For Orioles fans too young to remember, Flanagan has been described as wickedly funny, a classic New Englander whose dry delivery masked a gallows humor. Check out some of the tributes pouring in today from the talented beat writers and columnists who covered Flanagan and the Orioles during his years with the organization. Richard Justice, now of the Houston Chronicle, who was the Orioles beat writer for the Washington Post; Tim Kurkjian, a longtime fixture on ESPN, but a Montgomery County native who covered the team for the Baltimore Sun; Ken Rosenthal, a beat writer and later columnist for the Sun; Fellow New Englander Peter Gammons on MLB.com weighed in; Buster Olney, another ESPNer who spent two years working for the Sun when Johnson was manager and Flanagan had joined the television broadcast team for Home Team Sports. Their combined words serve as an all-encompassing eulogy for a man who, no matter the manner of his death, deserves one. He meant that much to the Orioles. He meant that much to Baltimore. Watching Palmer and Rick Dempsey, Flanagan’s former catcher, on MASN’s postgame show Wednesday night was both moving and gut-wrenching. You hope his family and friends can find some peace in the coming months and years, as difficult as that will be.

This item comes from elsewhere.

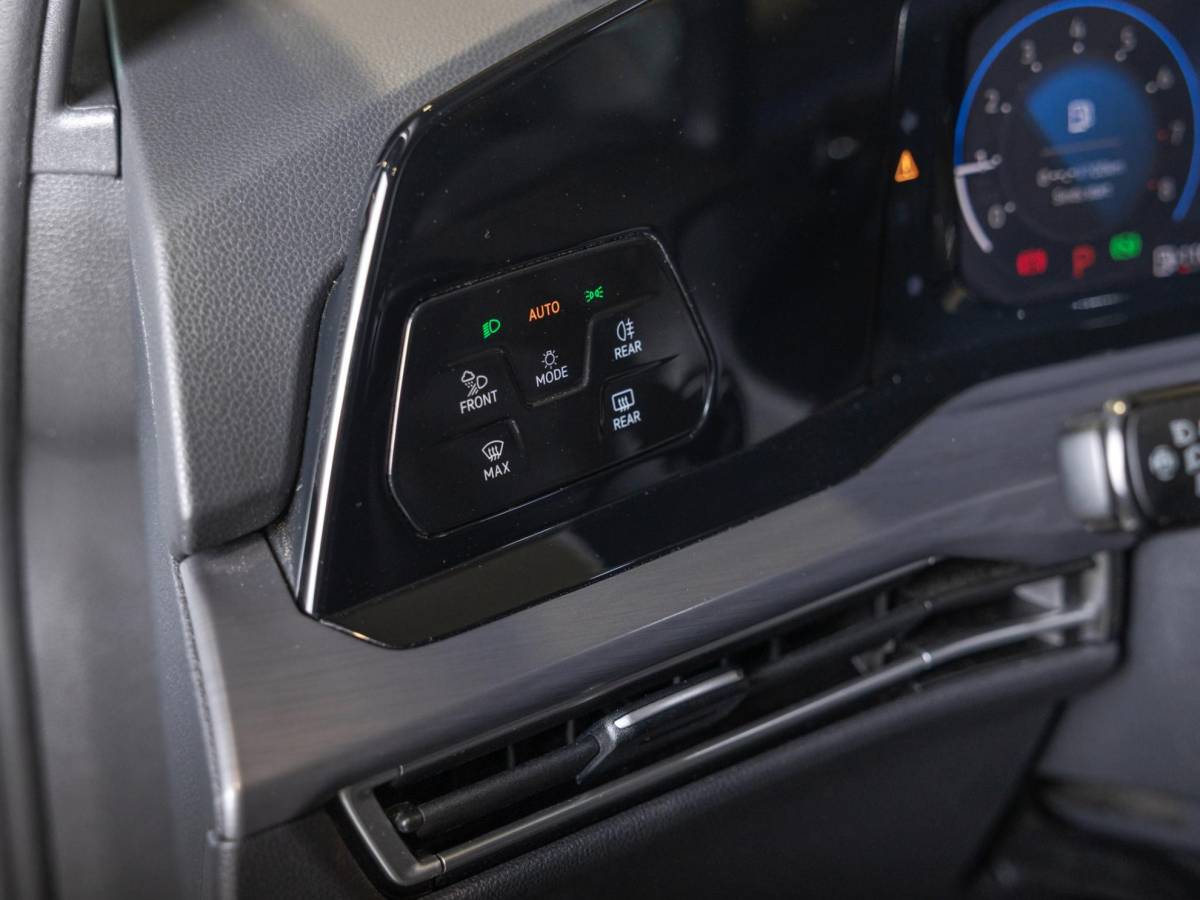 Volkswagen Golf Volkswagen Golf 1.5 eTSI Style 150pk / Elektrisch verstelbare voorstoel(en) met geheugen / Apple carplay / Dodehoek detectie / Adaptieve cruise control / Stoelverwarming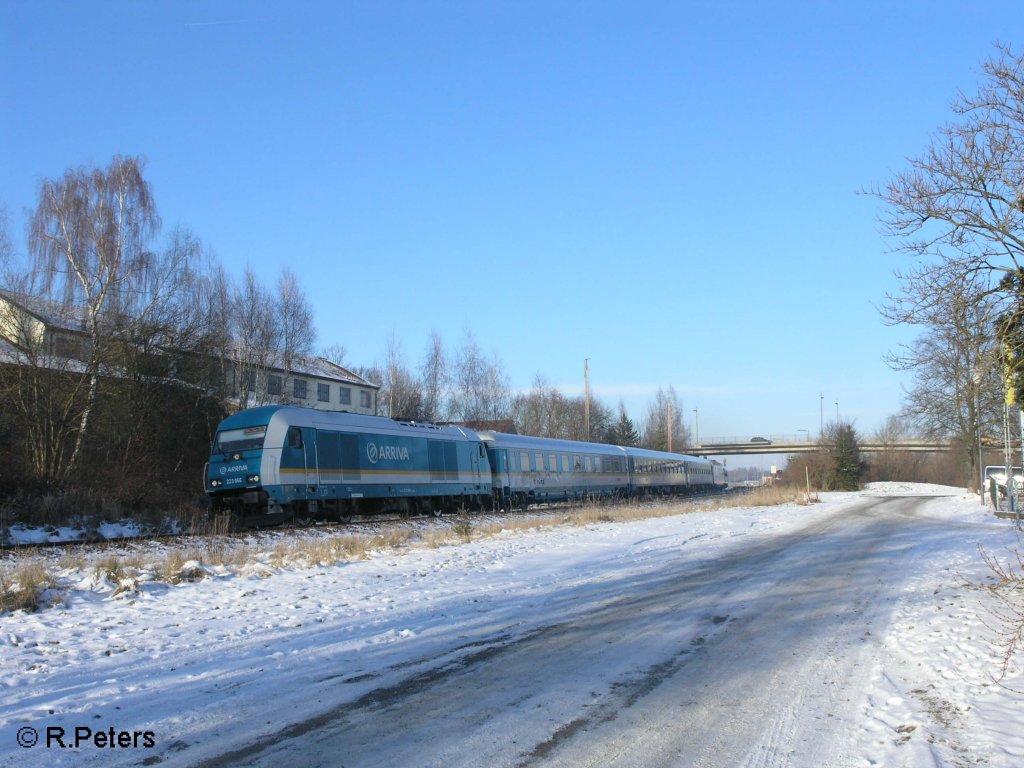 223 066 zieht den ALX37983 nach Mnchen durch die Kurve in Wiesau/Oberpfalz. 09.01.09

Johnson has endured his own ups and downs in recent years. A ruptured appendix a few years ago almost killed him and he had a heart procedure earlier this year. He also lost a daughter, Andrea, at age 32, in 2005 and a stepson, Jake, 34, in May.
“I’ve lost a lot of people very close to me,” Johnson said. “I wish I’d had a chance to talk to [Flanagan] and cheer him up like he’s done for me in the past.”